The model layer is responsible for automatically generating machine learning models, together with the corresponding risk analysis and backtest/simulation procedures, before deployment into live environments. This layer therefore includes two main components: an AutoML module and a pre-trade risk analysis and simulation module. The AutoML module runs automated model-generation algorithms on a large-scale distributed deep learning system. The bottom of its technology stack includes parallel computing platforms such as CUDA [283] and communication backends such as MPI [284], which provide standard interfaces for communication among nodes in distributed systems. The next layer includes deep learning frameworks such as PyTorch [285], which provide basic interfaces for training and inference, relying on hardware-accelerated linear algebra and automatic differentiation engines. Above that, compute orchestration systems such as Pathways [286] combine low-level communication primitives with framework features to realize higher-level parallelism such as model parallelism and pipeline parallelism, and expose them through standard interfaces. The top layer contains implementations of model-generation algorithms such as neural architecture search and hyperparameter optimization (NAS+HPO) [287], mixture of experts (MoE) [265], and large-scale pretraining [288, 289].

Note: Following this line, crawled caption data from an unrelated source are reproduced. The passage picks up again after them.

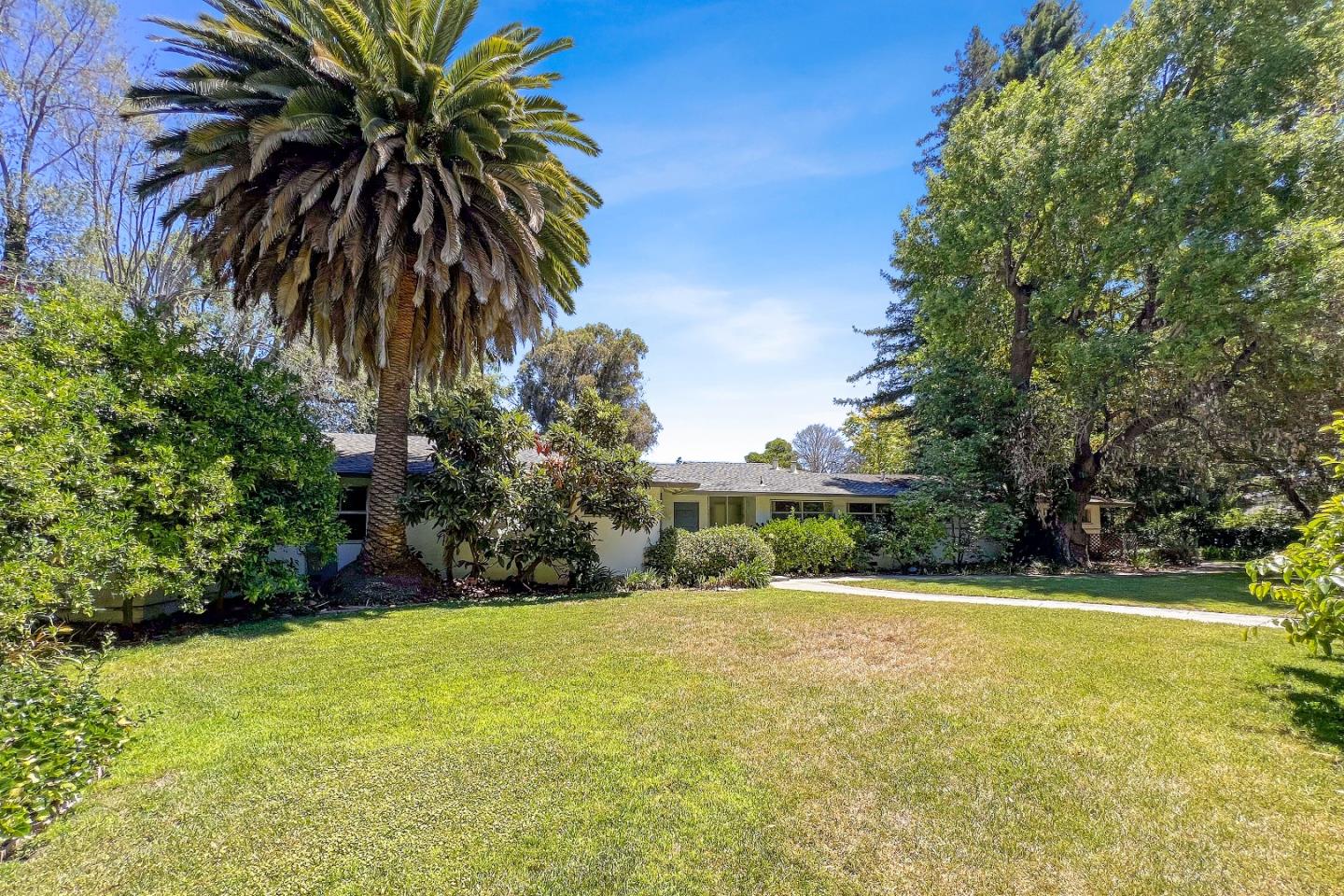 Build Your Dream Home - Being Sold for Land Value Only. Amazing Landscaped 42,164 +/- Lot in Beautiful Prime Lindenwood Location. Award Winning Menlo Park Schools!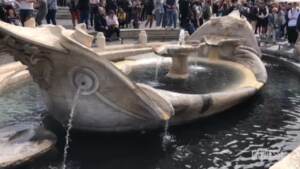 Clima, carbone vegetale nero nella fontana di piazza di Spagna a Roma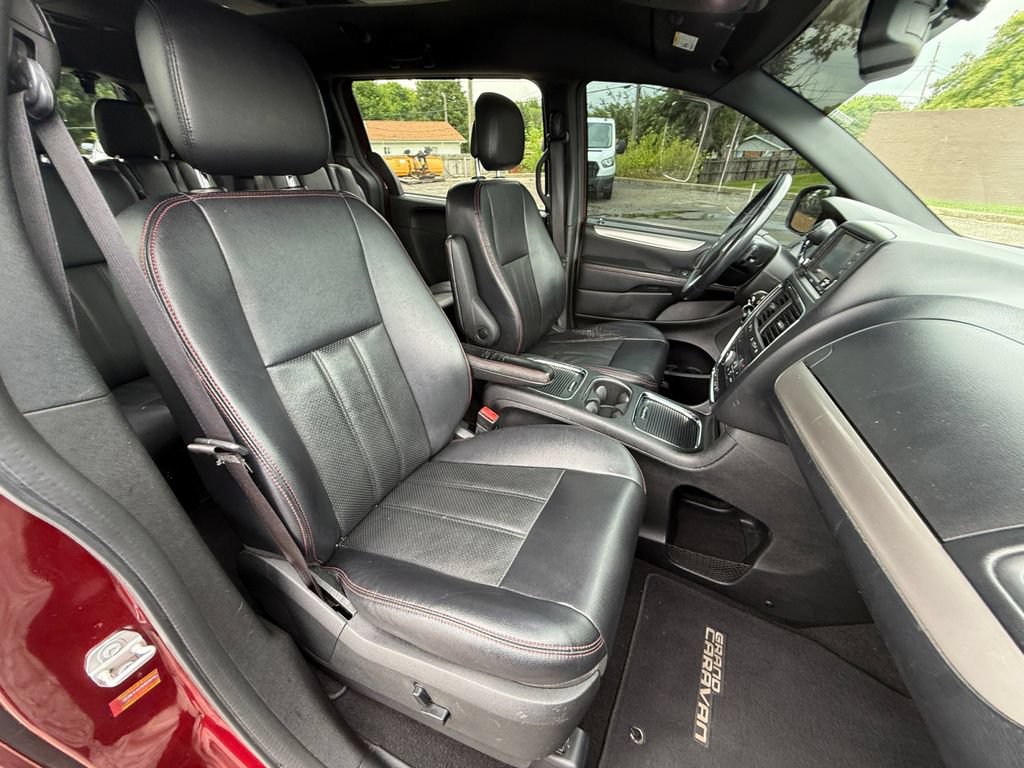Used 2017 Dodge Grand Caravan GT FWD image 29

The risk and simulation module identifies and analyzes the model’s potential risk exposures before deployment into live trading. It applies explainable AI techniques to analyze factors, models, and causal relationships, revealing nonlinear risk exposures that are more complex than ordinary exposures explained by BARRA-style models. In addition, a market simulator [290] is used to test trading strategy performance more accurately than historical backtests alone, whose results may be biased by historical data. Concretely, the simulation environment can be built with multi-agent reinforcement learning [291, 292], where agents imitate different kinds of market participants [293].

Online Trading System

The online trading system focuses on deploying strategies into live markets and analyzing executions afterward. Its main goals are low latency and high execution efficiency. It consists of three modules: deployment, trading, and analysis.

Model Deployment

The deployment layer is designed around the idea of “one-click deployment.” It includes a compute scheduling module, an automatic deployment module, and an optional hardware acceleration module. The compute scheduling module arranges an efficient execution order based on the intrinsic data dependencies among factors, forming a directed acyclic graph (DAG) of factor dependencies. Within this scheduling system, a factor starts computing only after all its predecessors on the DAG have been computed. This scheduling problem is tedious and should be automated for several reasons:

  • Offline factor dependencies and online factor dependencies must be synchronized in real time and kept consistent.
  • The number of factors can grow rapidly. Once millions of factors accumulate, manual deployment becomes a nightmare.
  • Adding, deleting, and updating factors is routine maintenance work, and correct dependency management is essential.

Reasonable.

From an algorithmic perspective, compute scheduling can be seen as topological sorting on a dependency DAG. In practice, the scheduler coordinates system components and arranges execution according to the DAG order. In common implementations of such systems [294], asynchronous scheduling is adopted to improve overall efficiency, allowing later steps to begin immediately after their prerequisites finish.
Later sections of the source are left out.